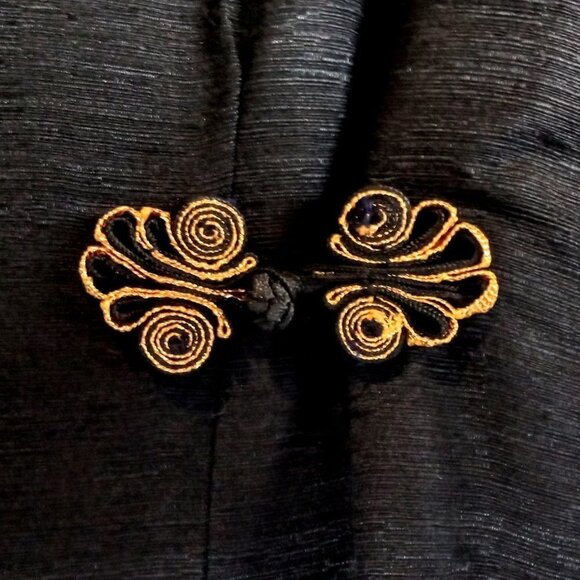 Silk Land Petite Black Embellished Silk Jacket - Picture 3 of 6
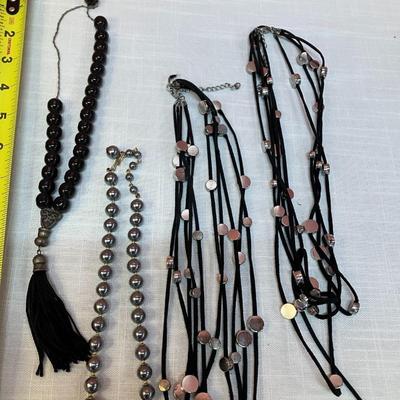 Sale Photo Thumbnail #289: Set of 10 black/graphite colored beaded necklaces, costume jewelry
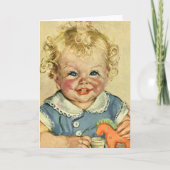  Schattige Blond Scandinavisch Kind met Krullen Kaart (Voorkant)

• • • • • • •

> _Exercise requirements_
Would you set down, word for word, the lines running from the one that contains "Sale Photo Thumbnail" to the last line of the material, omitting all pictures?

> _Answer space_
 Sale Photo Thumbnail #289: Set of 10 black/graphite colored beaded necklaces, costume jewelry
  Schattige Blond Scandinavisch Kind met Krullen Kaart (Voorkant)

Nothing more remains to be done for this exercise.